Table 2 Parameters of cost functions \(\pi _i\) in Example 3
Table 3 Numerical results of the modified descent algorithm proposed in Bigi et al. (2009) applied to Example 3

6 Concluding remarks

Merit functions have been introduced for a number of variational mathematical models. In this paper, we focused on three of the most important ones: variational inequalities, quasi-variational inequalities and abstract equilibrium problems. Among other relevant models we recall set-valued variational inequalities, vector variational inequalities and generalized Nash equilibrium problems.

The merit function approach has been extensively developed for VIs in the last two decades, while it is still at a quite early stage for more general problems. We believe that this is partially due to the complexity of these problems, but above all because many real-world applications of these problems have arisen recently. Therefore, there are still many challenging open problems regarding merit functions which are worthy of being investigated.

Merit functions for QVIs need to be further investigated: for instance, the general condition under which the stationary points of the regularized gap function are solutions to (QVI) should be deepened for different classes of problems according to the set-valued mapping defining the feasible region. Furthermore, to the best of our knowledge, no ad-hoc descent method based on merit functions has been developed so far.
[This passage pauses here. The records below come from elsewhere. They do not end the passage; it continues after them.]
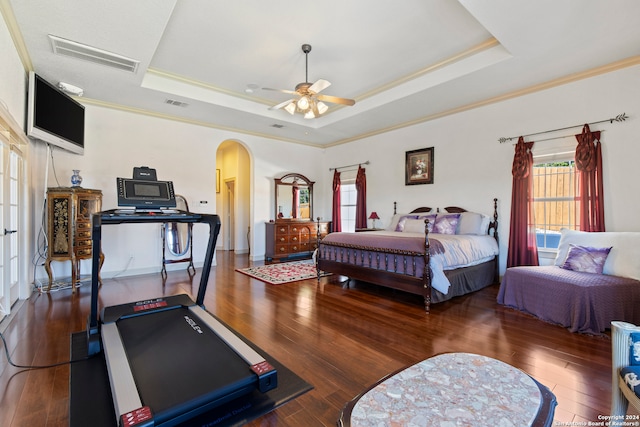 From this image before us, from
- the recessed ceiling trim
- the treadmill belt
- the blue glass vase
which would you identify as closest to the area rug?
the treadmill belt

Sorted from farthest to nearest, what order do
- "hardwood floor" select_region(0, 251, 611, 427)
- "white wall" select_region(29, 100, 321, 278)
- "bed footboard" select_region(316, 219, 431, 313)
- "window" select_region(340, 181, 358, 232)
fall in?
"window" select_region(340, 181, 358, 232), "white wall" select_region(29, 100, 321, 278), "bed footboard" select_region(316, 219, 431, 313), "hardwood floor" select_region(0, 251, 611, 427)

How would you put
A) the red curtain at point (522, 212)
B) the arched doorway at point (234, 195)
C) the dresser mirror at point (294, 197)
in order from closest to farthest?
the red curtain at point (522, 212)
the dresser mirror at point (294, 197)
the arched doorway at point (234, 195)

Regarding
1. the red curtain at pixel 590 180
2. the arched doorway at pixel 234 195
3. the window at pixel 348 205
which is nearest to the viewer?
the red curtain at pixel 590 180

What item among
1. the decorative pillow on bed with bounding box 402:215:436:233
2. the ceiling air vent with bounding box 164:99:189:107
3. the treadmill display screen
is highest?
the ceiling air vent with bounding box 164:99:189:107

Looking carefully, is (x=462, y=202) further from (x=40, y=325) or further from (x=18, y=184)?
(x=18, y=184)

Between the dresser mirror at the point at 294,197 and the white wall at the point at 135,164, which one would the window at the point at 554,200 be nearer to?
the dresser mirror at the point at 294,197

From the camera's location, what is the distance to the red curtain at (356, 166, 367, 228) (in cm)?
710

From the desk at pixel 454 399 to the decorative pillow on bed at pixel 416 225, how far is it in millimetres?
3913

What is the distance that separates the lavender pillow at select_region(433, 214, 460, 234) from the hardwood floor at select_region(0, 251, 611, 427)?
1.07 metres

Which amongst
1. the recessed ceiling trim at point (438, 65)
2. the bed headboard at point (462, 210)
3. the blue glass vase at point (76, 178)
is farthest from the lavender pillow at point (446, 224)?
the blue glass vase at point (76, 178)

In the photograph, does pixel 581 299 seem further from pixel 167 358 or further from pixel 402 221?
pixel 167 358

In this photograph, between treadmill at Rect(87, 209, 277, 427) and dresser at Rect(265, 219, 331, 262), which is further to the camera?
dresser at Rect(265, 219, 331, 262)

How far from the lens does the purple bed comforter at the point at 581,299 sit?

Regarding abstract equilibrium problems, the convergence of descent methods is usually based on differentiability assumptions. We think that some efforts should be devoted to develop algorithms for nonsmooth problems, which include nonsmooth Nash equilibrium problems as special cases. Moreover, it would be interesting to extend the Moreau–Yosida regularization to merit functions for abstract equilibrium problems. Finally, we believe that new merit functions could be developed without assuming the convexity of \(f(x,\cdot )\): this might allow to extend the merit function approach to nonconvex Nash equilibrium problems.